I will never know what fears he was experiencing but I do know this. When a person is in fear, it is hard to act out of a higher level of consciousness and extend love to those who cause you stress. It is hard to forgive, be generous, or to have mercy on those who seem to be undeserving. But as disciples of Christ, we are called to move beyond the conventional wisdom that promotes doing harm to one's enemies. We are called to a higher level of consciousness where our love is extended beyond the circle of comfort.
Through prayer, I overcame my anger and disappointment. Today, my neighbor and I have a cordial relationship. I thank God that I did not respond with my initial feelings of anger. But more importantly, I thank God that I no longer feel the fear and disappointment.

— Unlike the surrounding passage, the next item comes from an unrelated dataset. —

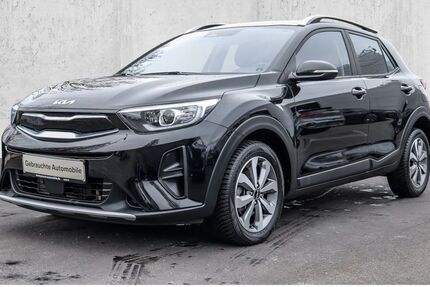 Kia Stonic 24.659 km 17.995 &euro; Köln 50858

When will the cycle of violence be broken? When will the lamb feed together with the wolf? When will we experience peace on earth? When will we become the new humanity that God wills for us to be? Jesus points the way. In today's gospel he basically says: "I call you to live your lives out of an alternative vision of reality. I call you to live your lives in a way that reverses the values of this culture. I call you to love your enemy; turn the other cheek; give your possessions to those in need and not judge the lives of others. I call upon you to do the deep spiritual and psychological work you need to do in order to overcome your fears. Be merciful even as I am merciful. For I have come to empower you with mercy in order that you may live a new kind of life in this world." This is the gospel of our Lord, Jesus Christ.